_Aim of the exercise_. With no images included, output each entry below exactly as it appears.

_Entries supplied_.
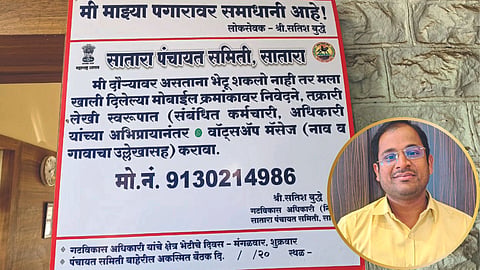Satara BDO 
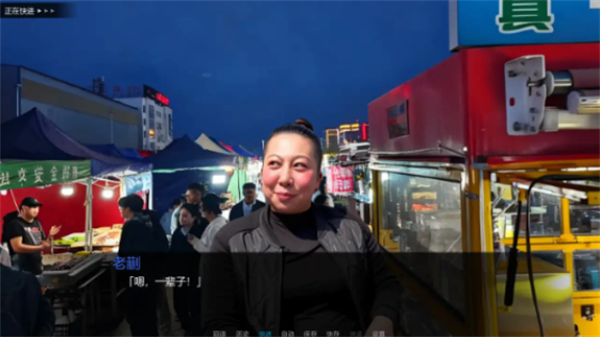 千恋万雨雨姐最新版本截图0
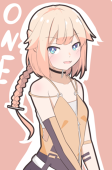 ゆえななつき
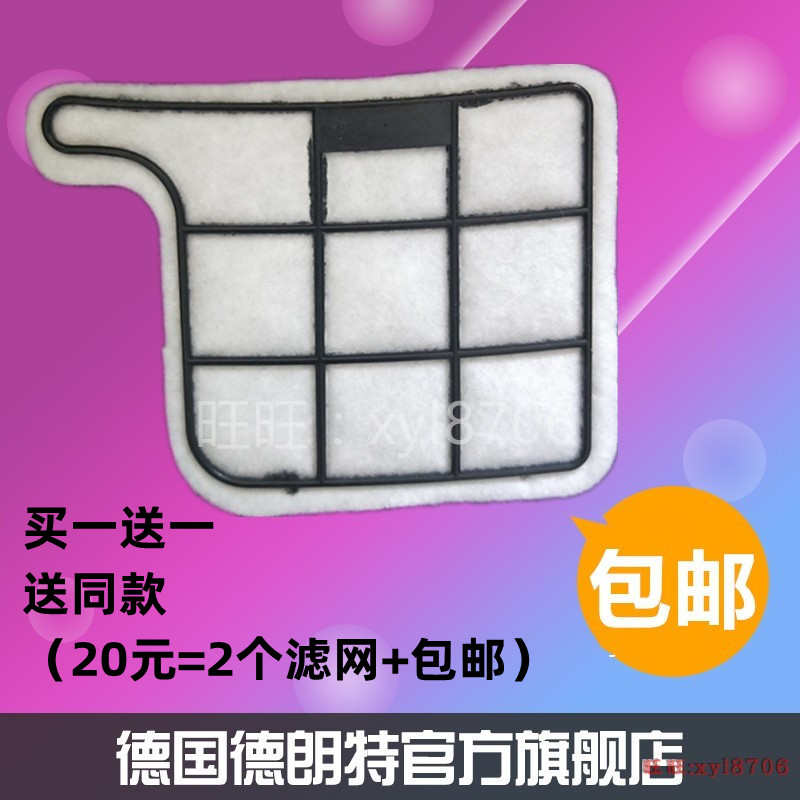 德朗特适配福维克吸尘器垃圾袋配件通用VK135-1 FP136过滤网滤棉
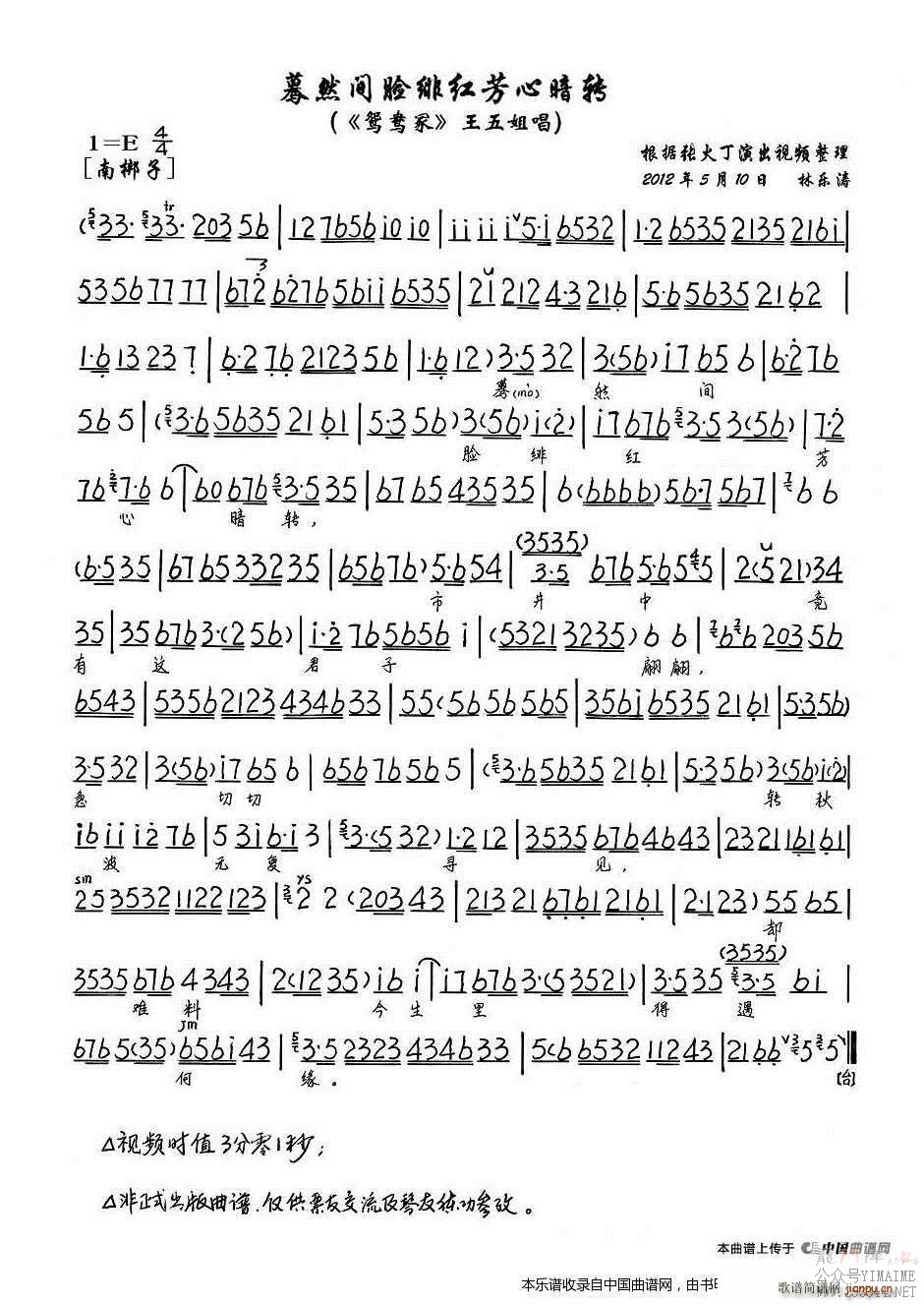 Ȼ糺췼İת ԧڣ 㳪  Ϸ()1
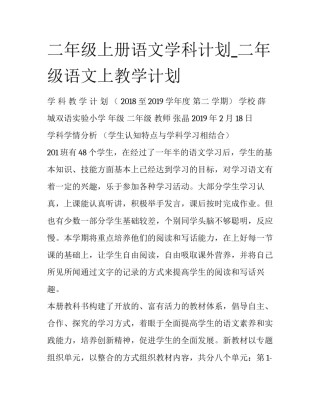 二年级上册语文学科计划_二年级语文上教学计划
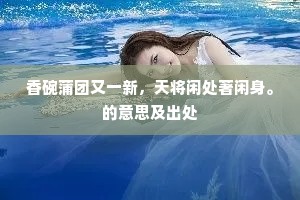 谩藏诲盗成语的解释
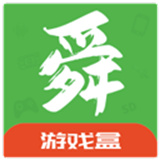 舜舜游戏盒_v9.5.5.apk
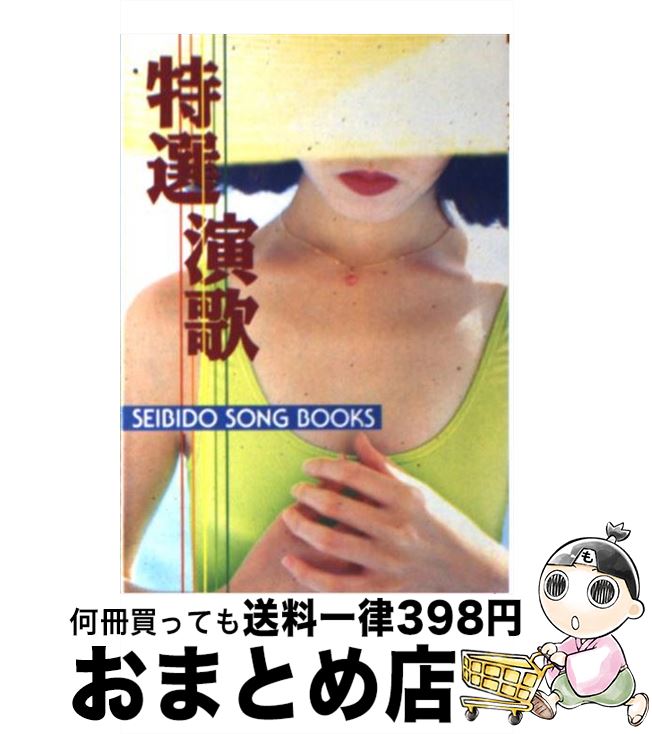 š  2000ǯͲ /  Ż / Ʋ [ڡѡХå]ؽв١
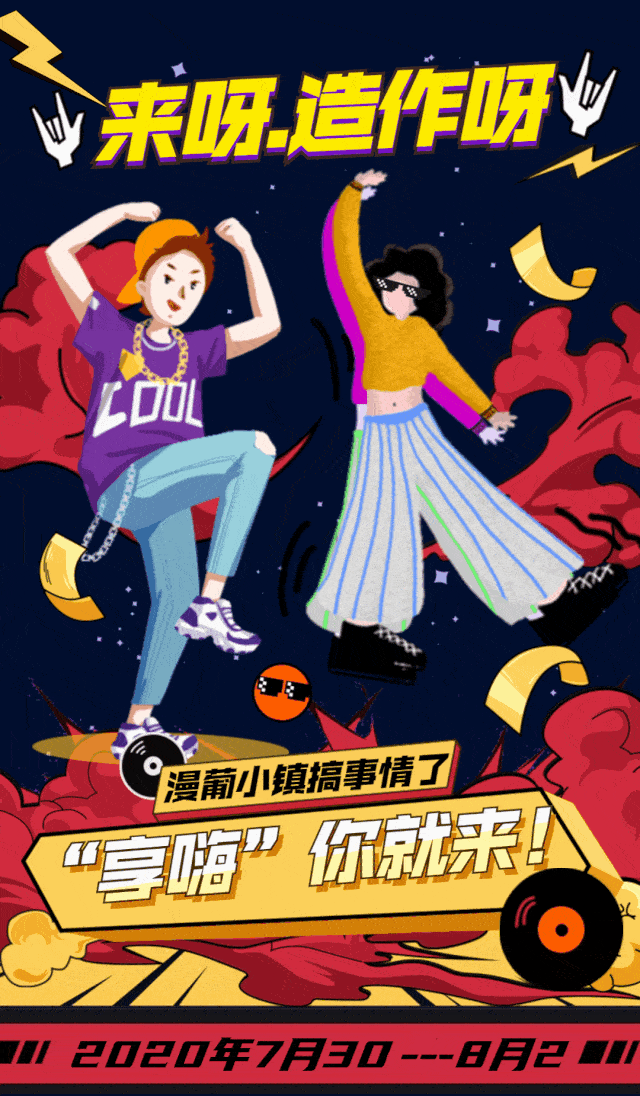 640_1096 竖版 竖屏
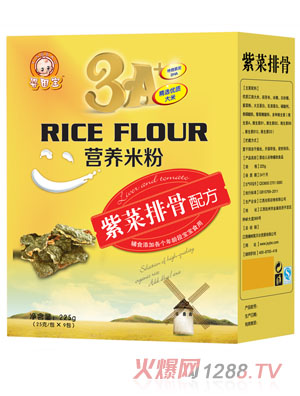 ����?q��)��ϲ��Ź��䷽�I(y��ng)�B(y��ng)�׷�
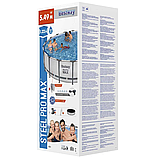 Каркасний басейн Bestway 56462 (549х122 см) з картриджним фільтром, сходами та захисним тентом, фото 7
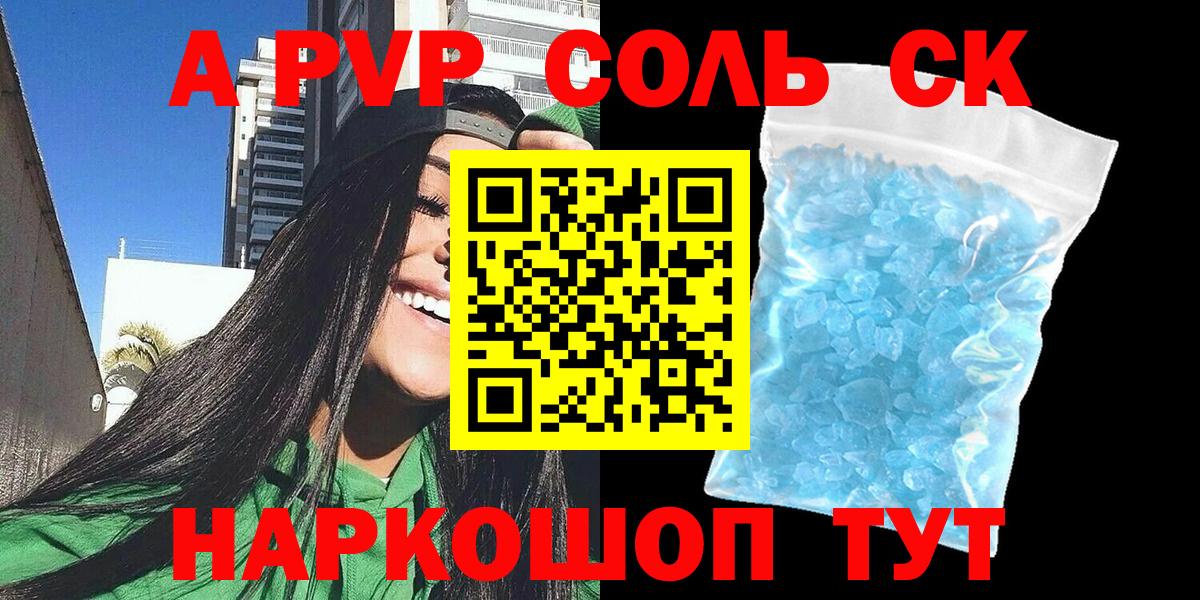что такое наркотик  Alfa_PVP VHQ  Alpha-PVP Соль  Вход с VPN  APVP СК  Урай  A PVP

_Task answer_.
Satara BDO 
 千恋万雨雨姐最新版本截图0
 ゆえななつき
 德朗特适配福维克吸尘器垃圾袋配件通用VK135-1 FP136过滤网滤棉
 Ȼ糺췼İת ԧڣ 㳪  Ϸ()1
 二年级上册语文学科计划_二年级语文上教学计划
 谩藏诲盗成语的解释
 舜舜游戏盒_v9.5.5.apk
 š  2000ǯͲ /  Ż / Ʋ [ڡѡХå]ؽв١
 640_1096 竖版 竖屏
 ����?q��)��ϲ��Ź��䷽�I(y��ng)�B(y��ng)�׷�
 Каркасний басейн Bestway 56462 (549х122 см) з картриджним фільтром, сходами та захисним тентом, фото 7
что такое наркотик  Alfa_PVP VHQ  Alpha-PVP Соль  Вход с VPN  APVP СК  Урай  A PVP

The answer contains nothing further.